Однако число тех, кто умел наслаждаться жизнью столь полно, неуклонно сокращалось, поскольку кризис империи, вера в демонов и страх потустороннего подорвали и дух язычников. Исчез тот особый взгляд на мир, в котором благороднейшее эпикурейство соединялось со стоицизмом и который превращал земную жизнь лучших из людей в нечто столь приятное и милое сердцу. Один из последних отзвуков этого настроения, относящийся к эпохе Константина, – маленькое стихотворение Пентадия «О счастливой жизни». Но строчки его напоминают читателю Горация, и их не стоит приводить здесь, так как мы не знаем, был ли их автор действительно серьезен.
В древней мировой империи был еще один город, который никогда не упоминается в связи с Константином, но, тем не менее, заслуживает нашего внимания и пробуждает наше сочувственное любопытство.
Уже после Пелопоннесской войны Афины во многом утратили свое могущество, и после завоевания Суллы город сильно обезлюдел и значительно уменьшился в размерах.
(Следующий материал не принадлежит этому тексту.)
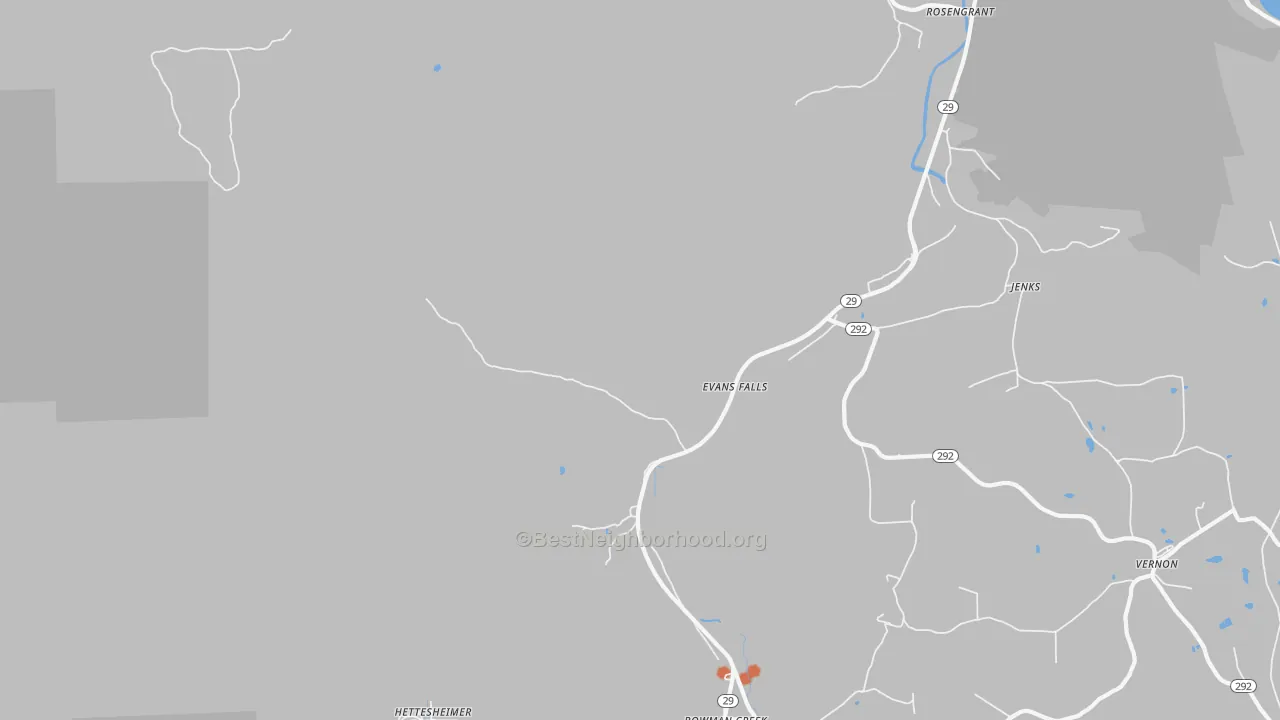 Bike Grade map of Evans Falls, PA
Но ореол славы, окружавший город, легкая, исполненная удовольствий жизнь в нем, величие его памятников, почтение к аттическим мистериям и сознание роли этого города для всего эллинского мира – все это не прекращало притягивать свободолюбивых, образованных людей; за философами и риторами следовали их многочисленные ученики. Во времена Адриана, которого в благодарность за все совершенное называли новым основателем Афин, в городе возникло даже нечто вроде университета, существовавшего частично на средства империи, – позднее окончательно обедневшие Афины жили главным образом за его счет.
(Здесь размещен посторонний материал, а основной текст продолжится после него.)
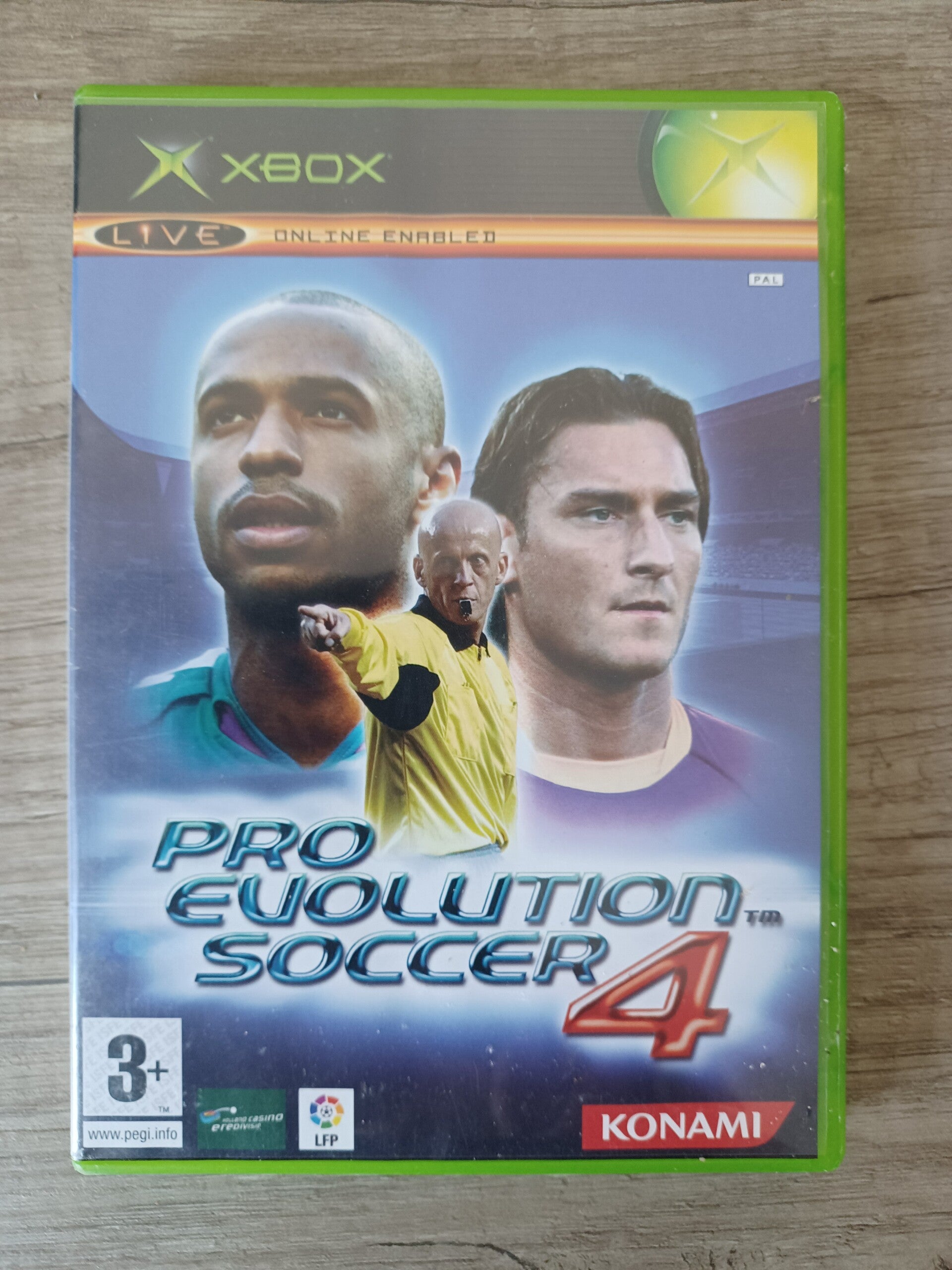jeu xbox  pro evolution soccer 4 , occasion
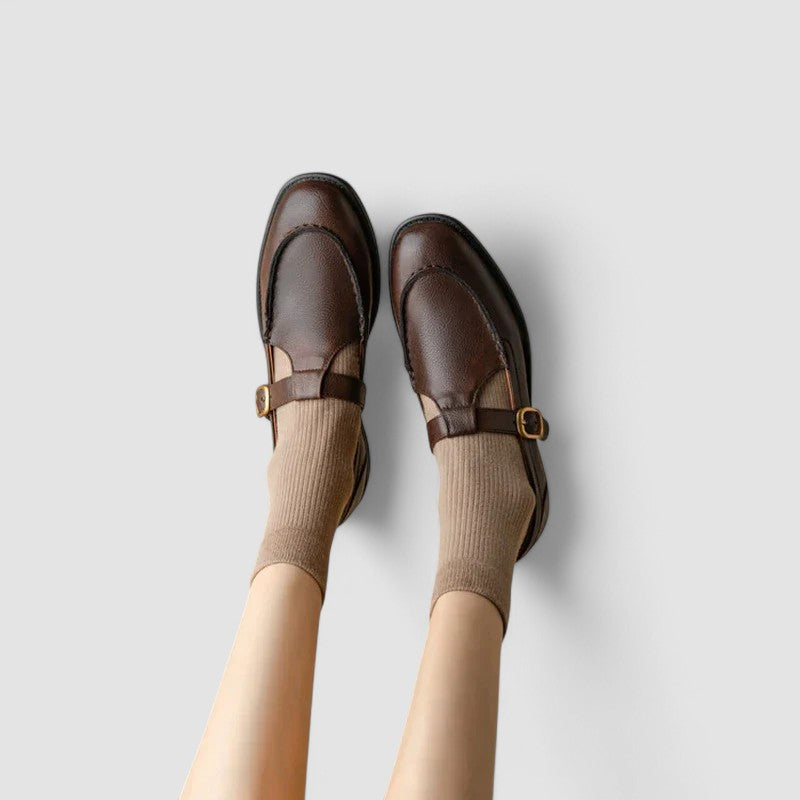 Women's Orthopedic Mary Jane Shoes – Comfort Low-Heel Strap Shoes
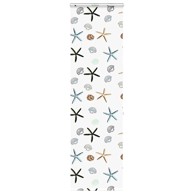Rolo zavjesa za tuš s kazetom, 80x240 cm, školjke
Тот, кто в ту позднюю эпоху не утратил любви к древности, не мог не любить Афины. Лукиан вложил в уста своего Нигрина прекрасные и прочувственные слова об этом скромном городе, где философия и бедность равно в почете, жители которого не стыдятся бедности, ибо считают величайшими сокровищами свободу, умеренность и благородную праздность. «Такое препровождение времени согласно с требованиями философии и способствует сохранению чистоты нравов, и тамошняя жизнь как нельзя более подходит для дельного человека... Тому же, кто любит богатство, кого прельщают золото и пурпур и кто измеряет счастье властью, кто не отведал независимости, не испытал свободы слова, не видел правды, кто всецело воспитан в лести и рабстве... тому более подходит здешний [т. е. римский] образ жизни». Но не только сириец из Самосаты, столь редко бывавший серьезным, писал об афинянах с таким пламенным красноречием. Достаточно вспомнить Алкифрона, Максима Тирского, Либания Антиохийского и прочих, живших позднее, – правда, при этом довольно трудно понять, идет ли речь об Афинах периода расцвета, или достоинства древних приписываются нынешним жителям города. Либаний, например, говоря об умении прощать обиды, а не мстить за них, замечает, что «таково достоинство греков, афинян и тех, кто подобен богам». У Гелиодора Эмесского девушка, захваченная в плен египетскими разбойниками, пишет: «...Лучше сподобиться эллинского погребения, чем терпеть восторги варвара, которые мне, уроженке Аттики, докучнее его вражды». Эти последние язычники, которым не нашлось места ни в упорядоченной римской жизни, ни в христианской церкви, были безраздельно преданы своему городу, священнейшему месту Древней Эллады, и нежно, искренне его любили. Жить там считалось у них величайшим счастьем.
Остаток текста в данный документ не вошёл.